--- Data for the task Enclosed Below ---
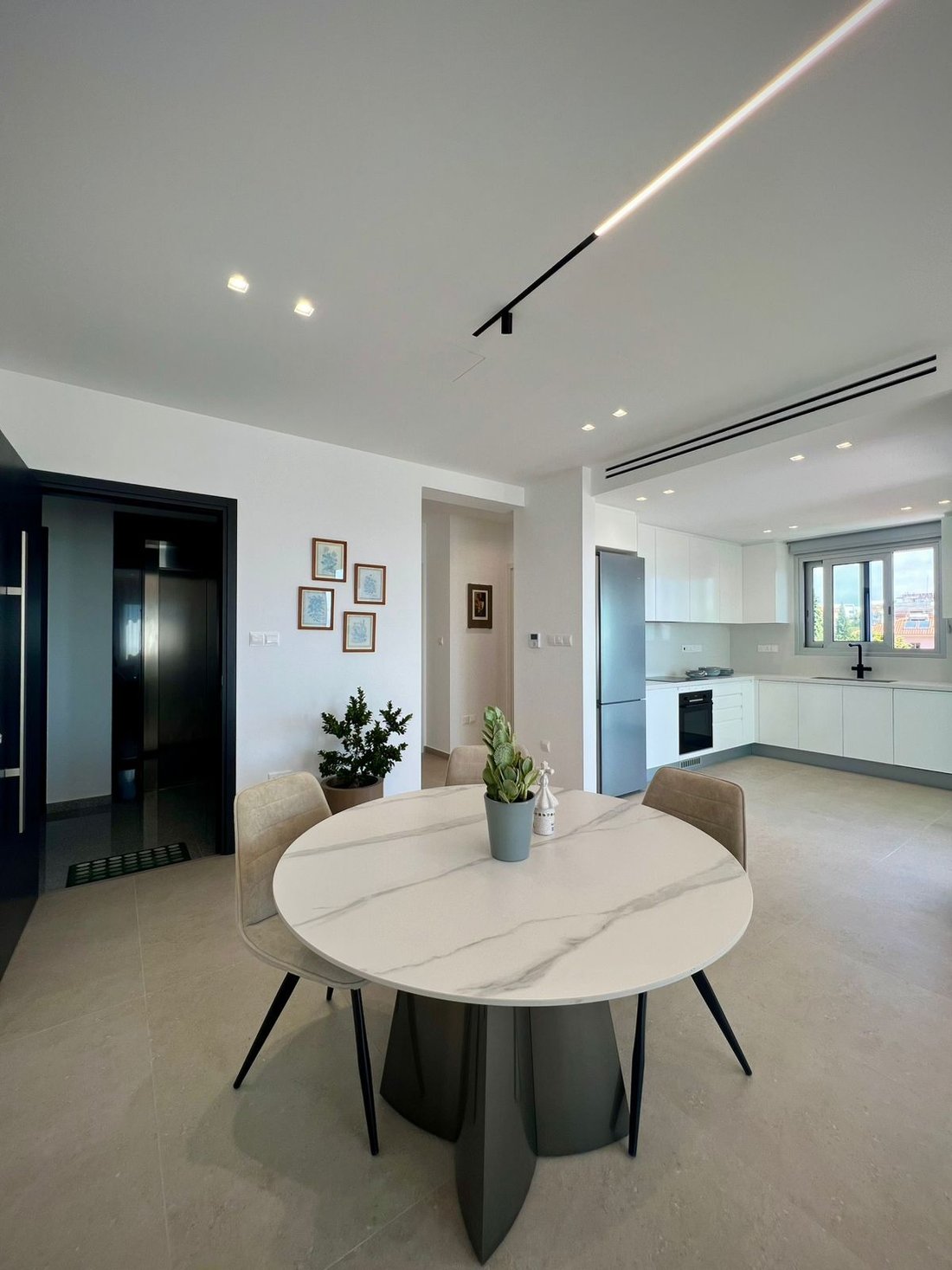 Apartment in Agios Athanasios, Limassol, Cyprus 2 - 17471586
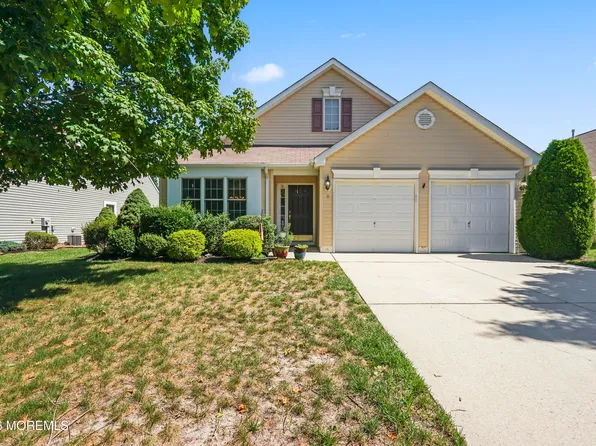 8 Long Bay Road, Jackson, NJ 08527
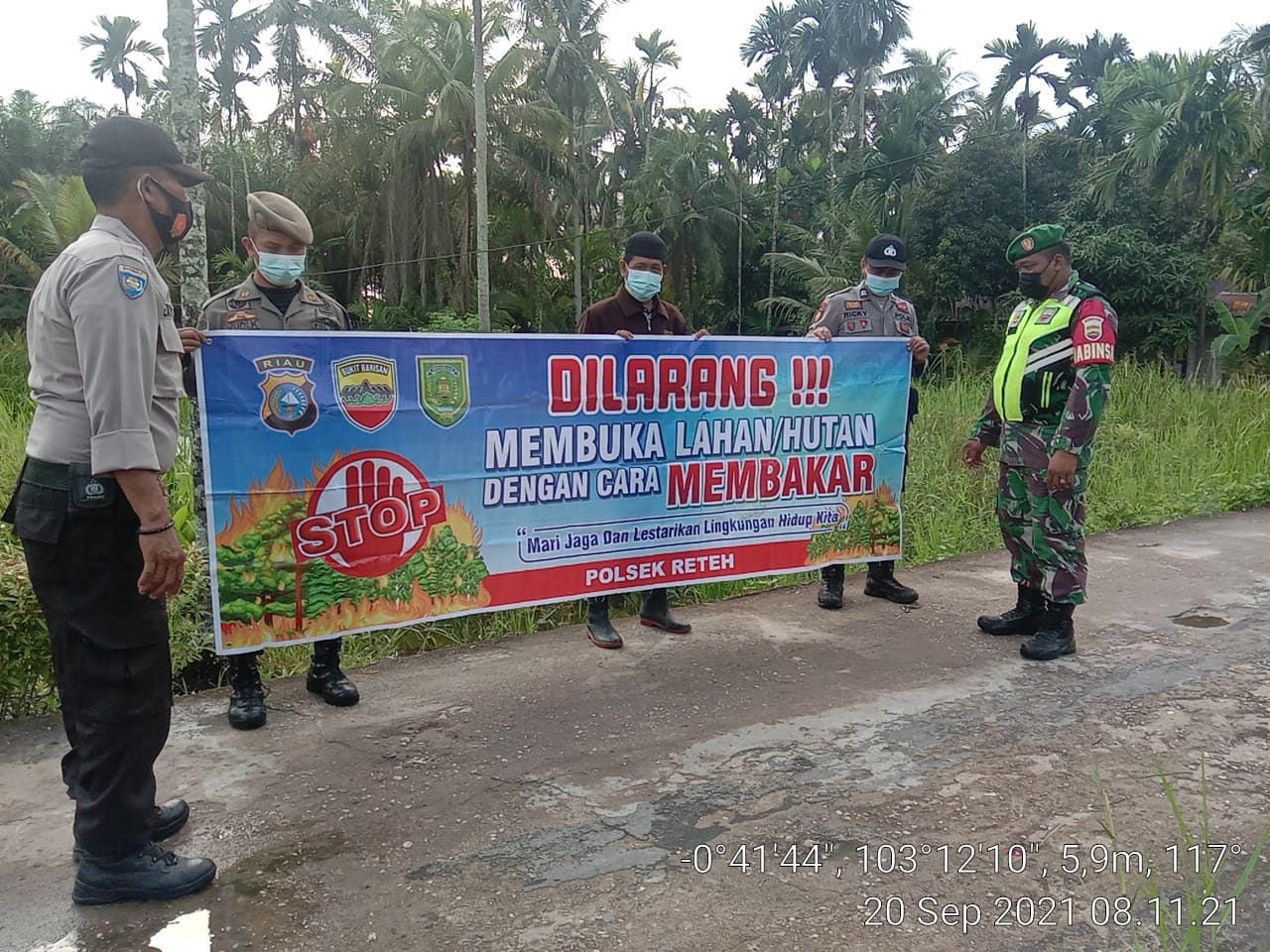 Kompak, Bersama-sama Cegah Karhutla, Babinsa 07/Reteh dan Bhabinkamtibmas Gelar Patroli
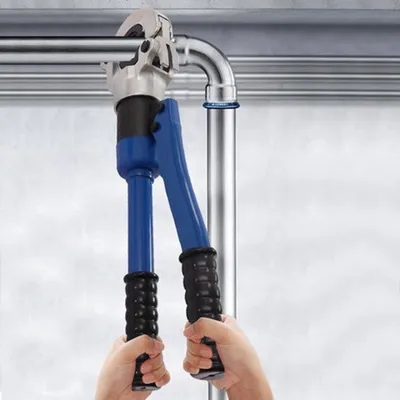 Zdjęcie produktu dla Hydrauliczne szczypce do zaciskania – siła zacisku: 10 ton – do rur miedzianych – z 3 matrycami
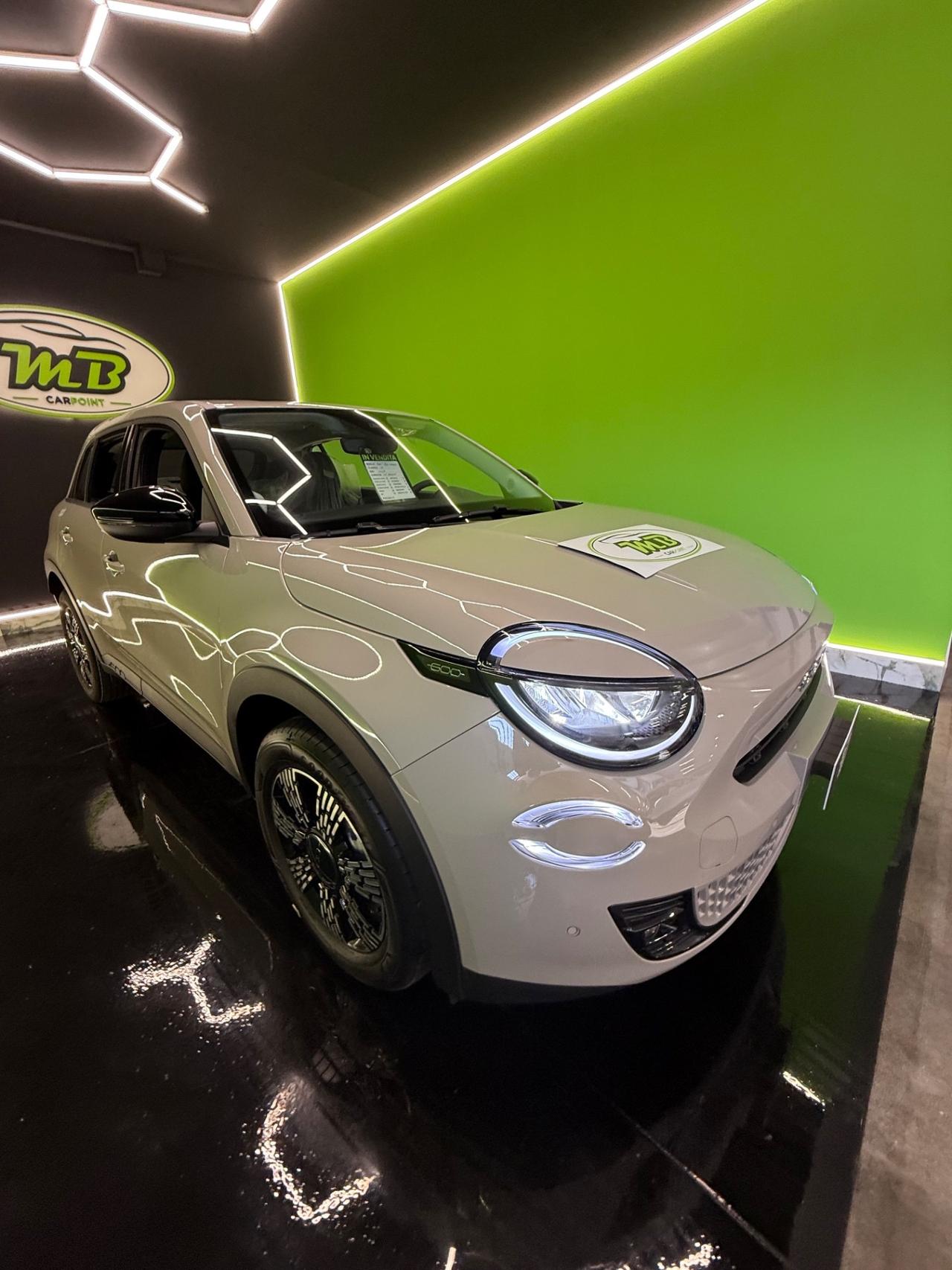 Fiat 600 Hybrid 110 CV DCT MHEV Business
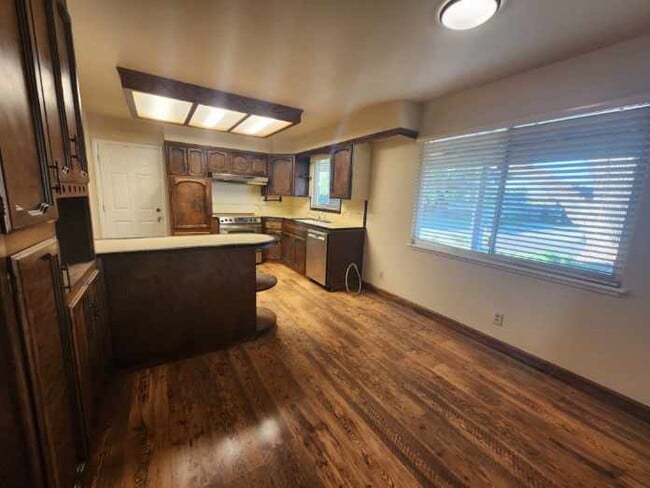 Building Photo - 1639 Debra Ln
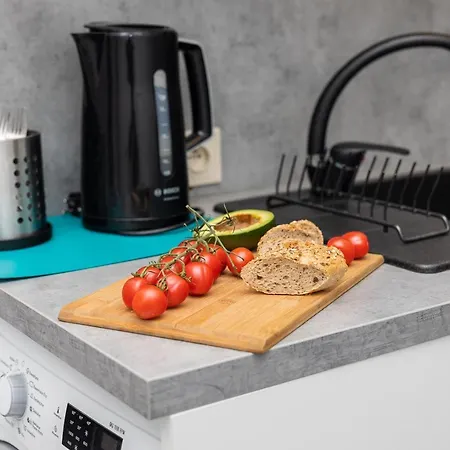 Swietokrzyska By Your Freedom Апартаменты Варшава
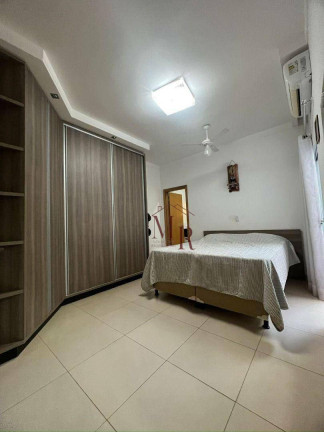 Imagem Casa com 3 Quartos à Venda, 238 m² em Pozzobon - Votuporanga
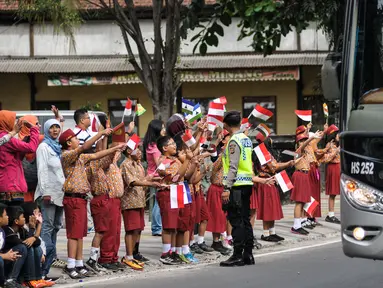 Ratusan pelajar dan warga menyabut kedatangan Para kepala Negara dan delegasi dari Asia dan Afrika mengikuti 'Historical Walk' dalam rangkaian Peringatan KAA ke-60, di Jalan Asia Afrika, Bandung, Jumat (24/4/2015). (Liputan6.com/Faizal Fanani)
--- End of Enclosed Data for the task ---
> _Problem to work on_:
Please write the data out again exactly, but do not carry over the pictures.

> _Exercise solution_:
 Apartment in Agios Athanasios, Limassol, Cyprus 2 - 17471586
 8 Long Bay Road, Jackson, NJ 08527
 Kompak, Bersama-sama Cegah Karhutla, Babinsa 07/Reteh dan Bhabinkamtibmas Gelar Patroli
 Zdjęcie produktu dla Hydrauliczne szczypce do zaciskania – siła zacisku: 10 ton – do rur miedzianych – z 3 matrycami
 Fiat 600 Hybrid 110 CV DCT MHEV Business
 Building Photo - 1639 Debra Ln
 Swietokrzyska By Your Freedom Апартаменты Варшава
 Imagem Casa com 3 Quartos à Venda, 238 m² em Pozzobon - Votuporanga
 Ratusan pelajar dan warga menyabut kedatangan Para kepala Negara dan delegasi dari Asia dan Afrika mengikuti 'Historical Walk' dalam rangkaian Peringatan KAA ke-60, di Jalan Asia Afrika, Bandung, Jumat (24/4/2015). (Liputan6.com/Faizal Fanani)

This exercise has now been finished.